A closer look at this song’s original chordal relationships reveals even more creativity. First, although the song lies in G major, it opens with an ambiguous E- minor chord, vi, setting an uncertain context for the scene. Then, when the bold II7 chord does not move to V (as it would have been expected to do in all pre-Beatles repertoire) but instead resigns into a plagal IV, the Beatles announce the Lydian II♯ chord that will mark “Eight Days a Week,” “Yesterday,” “You Won’t See Me,” “She’s Leaving Home,” and many other numbers as quintessential Lennon-McCartney creations. The IV leads nicely into a cadential I for the sustaining “yeah,” but this plagal resolution is blurred when George sings a non-triadic sixth scale degree against John’s fifth directly below, and Paul’s first above, creating an added-sixth chord that remains a trademark for a year or so. This combination of first and sixth scale degrees ties together all chords heard thus far, as these are the two tones common to all of them, but, more importantly, sets up a battle between the optimistic G major (“glad”) and its shadow, E minor (“bad”), through the course of the song. We’ve already noted the important emphasis given G and E in the G—F♯—E motto; it’s also the core of the song’s very first three vocal notes, the (025) blues trichord, D—E—G, which are the same as the last three sung pitches—all together in the final chord. These same three pitches are also the ones that call forth the first refrain (2:24–2:26), made more powerful by the insistently repeated notes (the repeated D on “she said she”) that begin it, and the suddenly intense syncopation occurring for the first time in bass and drums (0:26). The strong motivic contrast between first and sixth scale degrees had been discovered in “Do You Want to Know a Secret” and would be mined again in “This Boy,” “I Should Have Known Better,” and “And I Love Her.” 

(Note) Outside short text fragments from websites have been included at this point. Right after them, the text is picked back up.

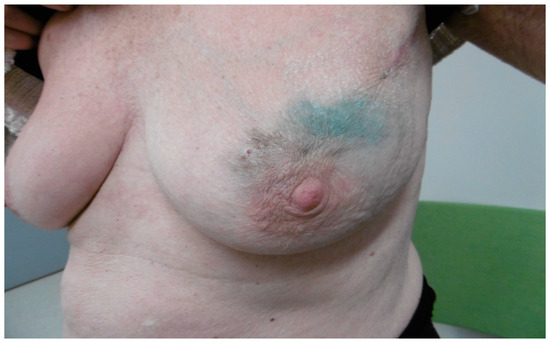 Bravo Post-Mastectomy Breast Form at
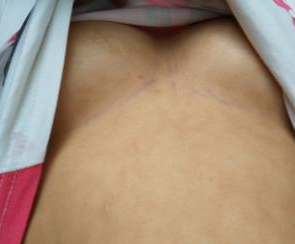 深圳匯仁整形美容門診部陳洪醫(yī)生隆胸案例:自體脂肪填充第一次 - 珍美網(wǎng)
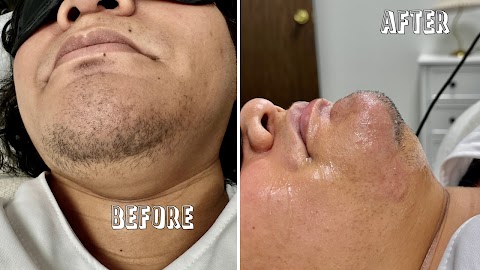 Electrolysis Hair Removal Lab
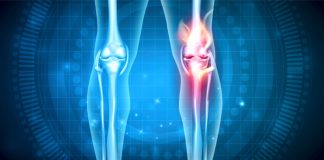 Në ëndërr kam parë se më është thyer këmba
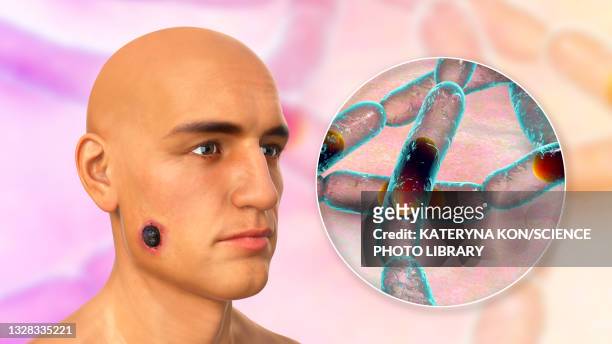 stockillustraties, clipart, cartoons en iconen met cutaneous anthrax, illustration - bacillus subtilis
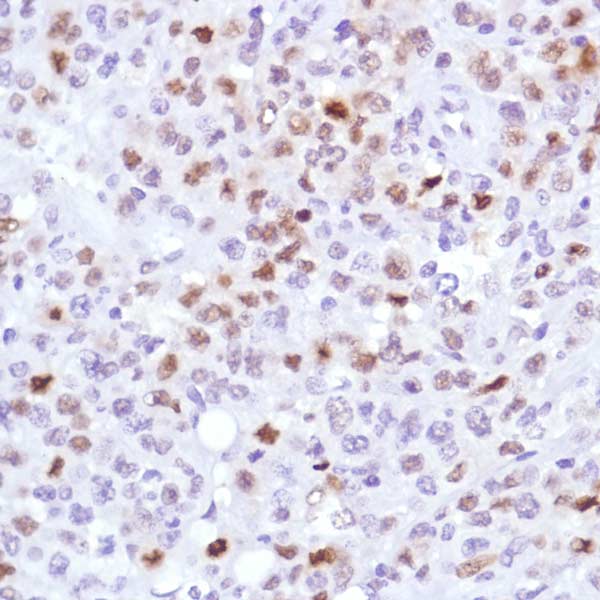 Immunohistochemistry (Formalin/PFA-fixed paraffin-embedded sections) - Anti-Cyclin D3/CCND3 antibody [SP207] (ab183338), expandable thumbnail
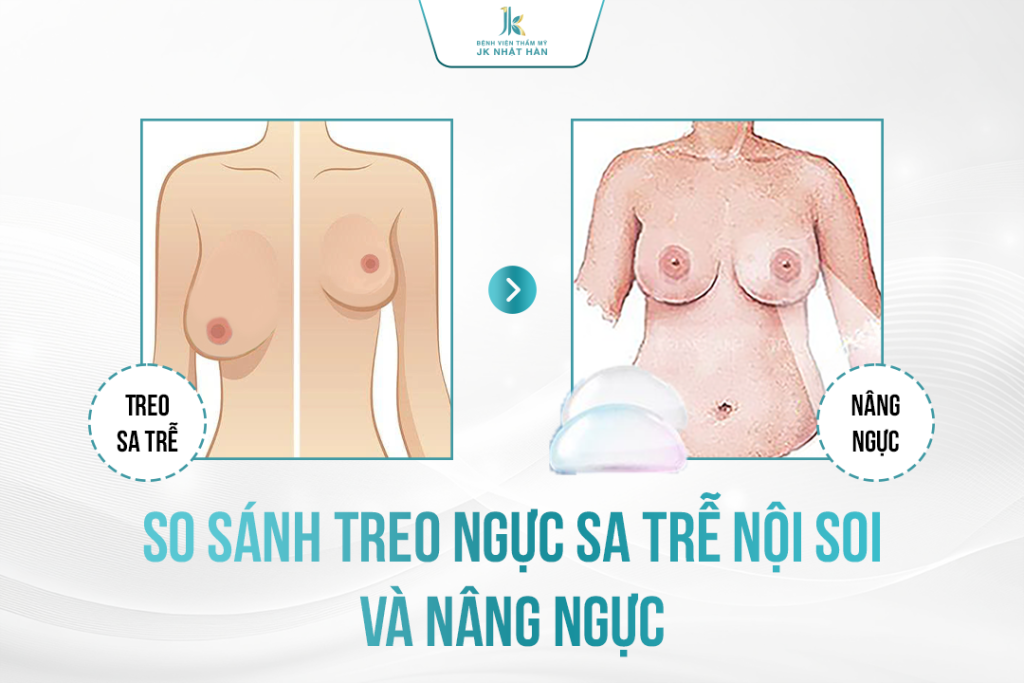 Treo ngực sa trễ nội soi hay nâng ngực tốt hơn?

For the ultimate in drawing out tension, an authentic V–I release does not occur before 1:11–1:14, ending the eighth formal element identified in the chart below, directly following the chorus’s tense II–iiø6/5 display. In its final appearance, this moment expands for full appreciation by the one-more-time closing technique, 1:48–2:06, with the final V7 sustained by a caesura so powerful it would not be repeated before “Happiness Is a Warm Gun” (1968) (and then again by Lennon’s “(Just Like) Starting Over” (1980)). The concentrated one-more-time repetitions of “yeah, yeah, yeah” bring reharmonizations of the repeated melodic fragment a step beyond that which had closed “From Me to You.”

Amazingly, after it seems that John and Paul’s vocal octave on I (2:05–2:07) has brought things to a “glad” and perfect close, the coda finds a way to distill the tension further, by telescoping both vi and II7 chords into a simultaneous sonority (2:09–2:12), and then allow it to dissipate in one final, long-held chord comprising the “glad”/“bad” added-sixth blues-trichord combination, complex and longing yet fully consonant. In two minutes and eighteen seconds, the Beatles bring to full boil a harmonic lobscouse of a joyous major mode (that depends as much on diminished iio and minor iii and vi chords as it does on major I, IV, and V), chromaticism and mode mixture, and minor-pentatonic guitar riffs. “She Loves You” may be the only early Lennon–McCartney song that makes “I Want to Hold Your Hand” seem tame in comparison.